(Records shown)
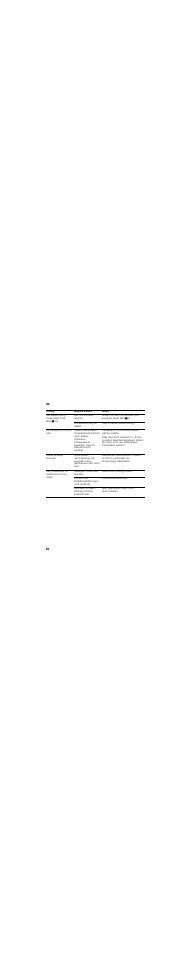 Neff K5897X4 User Manual | Page 20 / 86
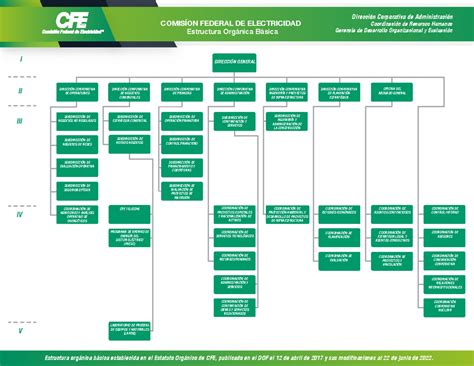 Cfe organigrama 01 I II III IV V DIRECCIÓN GENERAL DIRECCIÓN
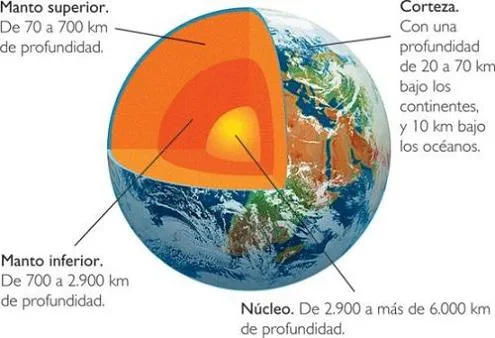 Las capas de la Tierra | Astronomia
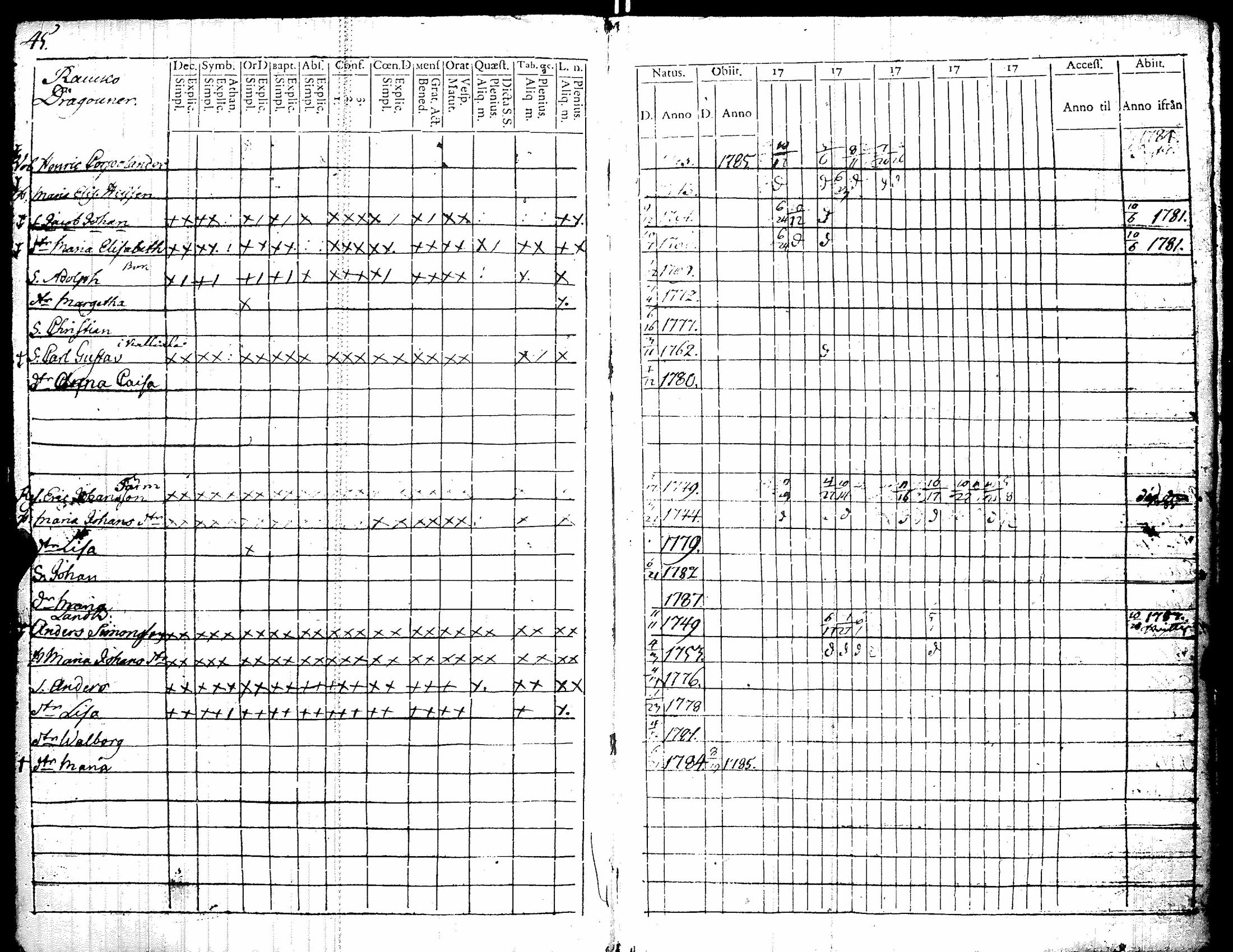 [ ../kirjat/Kirkonkirjat/kiikka/rippikirja_1779-1787_jk821/kuvat/53.jpg ]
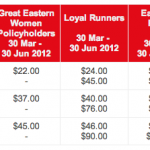 Great Eastern Women’s Run 2012 fee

(Work task)
In the copy, include each entry exactly as written and none of the pictures.

(Result of the task)
 Neff K5897X4 User Manual | Page 20 / 86
 Cfe organigrama 01 I II III IV V DIRECCIÓN GENERAL DIRECCIÓN
 Las capas de la Tierra | Astronomia
 [ ../kirjat/Kirkonkirjat/kiikka/rippikirja_1779-1787_jk821/kuvat/53.jpg ]
 Great Eastern Women’s Run 2012 fee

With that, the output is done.